Supplied material: Begin
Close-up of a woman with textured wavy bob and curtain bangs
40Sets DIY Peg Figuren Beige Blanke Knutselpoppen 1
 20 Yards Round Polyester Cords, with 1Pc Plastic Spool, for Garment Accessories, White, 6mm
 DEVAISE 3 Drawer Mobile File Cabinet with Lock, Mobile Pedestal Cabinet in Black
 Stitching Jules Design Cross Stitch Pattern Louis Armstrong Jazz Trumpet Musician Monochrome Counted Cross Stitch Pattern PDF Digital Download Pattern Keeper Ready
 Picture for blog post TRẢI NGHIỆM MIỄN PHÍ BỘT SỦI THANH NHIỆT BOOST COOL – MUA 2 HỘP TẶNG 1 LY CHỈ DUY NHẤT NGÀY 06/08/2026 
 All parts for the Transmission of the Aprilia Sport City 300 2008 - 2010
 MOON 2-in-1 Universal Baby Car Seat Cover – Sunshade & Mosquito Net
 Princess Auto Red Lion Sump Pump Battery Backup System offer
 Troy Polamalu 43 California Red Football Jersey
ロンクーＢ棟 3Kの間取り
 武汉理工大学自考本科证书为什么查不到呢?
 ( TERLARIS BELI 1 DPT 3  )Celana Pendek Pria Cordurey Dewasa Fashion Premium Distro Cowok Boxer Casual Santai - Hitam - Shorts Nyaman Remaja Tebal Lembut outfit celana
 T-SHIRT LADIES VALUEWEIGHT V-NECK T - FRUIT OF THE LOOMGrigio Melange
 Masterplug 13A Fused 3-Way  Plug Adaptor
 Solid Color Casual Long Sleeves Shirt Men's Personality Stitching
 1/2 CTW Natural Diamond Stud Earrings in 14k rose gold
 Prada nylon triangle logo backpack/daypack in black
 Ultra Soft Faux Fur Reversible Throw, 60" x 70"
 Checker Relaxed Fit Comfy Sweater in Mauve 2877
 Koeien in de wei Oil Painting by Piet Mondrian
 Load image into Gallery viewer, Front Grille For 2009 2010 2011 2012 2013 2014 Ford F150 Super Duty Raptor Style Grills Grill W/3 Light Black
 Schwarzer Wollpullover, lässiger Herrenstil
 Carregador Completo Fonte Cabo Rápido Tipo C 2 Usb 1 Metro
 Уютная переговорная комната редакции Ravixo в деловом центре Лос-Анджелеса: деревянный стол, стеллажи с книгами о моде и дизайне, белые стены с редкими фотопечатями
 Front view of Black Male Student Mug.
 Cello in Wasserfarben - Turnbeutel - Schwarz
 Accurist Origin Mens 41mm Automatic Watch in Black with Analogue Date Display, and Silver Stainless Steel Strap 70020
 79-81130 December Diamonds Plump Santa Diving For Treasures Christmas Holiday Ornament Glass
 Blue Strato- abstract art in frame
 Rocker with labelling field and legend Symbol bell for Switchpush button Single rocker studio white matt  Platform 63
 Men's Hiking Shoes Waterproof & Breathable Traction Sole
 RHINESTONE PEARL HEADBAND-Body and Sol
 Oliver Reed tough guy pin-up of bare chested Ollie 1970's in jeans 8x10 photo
Supplied material: End
— The task —
Only the lines from the one containing "Carregador Completo Fonte" through the end of the entries above belong in the answer; repeat them exactly.

— Task response —
 Carregador Completo Fonte Cabo Rápido Tipo C 2 Usb 1 Metro
 Уютная переговорная комната редакции Ravixo в деловом центре Лос-Анджелеса: деревянный стол, стеллажи с книгами о моде и дизайне, белые стены с редкими фотопечатями
 Front view of Black Male Student Mug.
 Cello in Wasserfarben - Turnbeutel - Schwarz
 Accurist Origin Mens 41mm Automatic Watch in Black with Analogue Date Display, and Silver Stainless Steel Strap 70020
 79-81130 December Diamonds Plump Santa Diving For Treasures Christmas Holiday Ornament Glass
 Blue Strato- abstract art in frame
 Rocker with labelling field and legend Symbol bell for Switchpush button Single rocker studio white matt  Platform 63
 Men's Hiking Shoes Waterproof & Breathable Traction Sole
 RHINESTONE PEARL HEADBAND-Body and Sol
 Oliver Reed tough guy pin-up of bare chested Ollie 1970's in jeans 8x10 photo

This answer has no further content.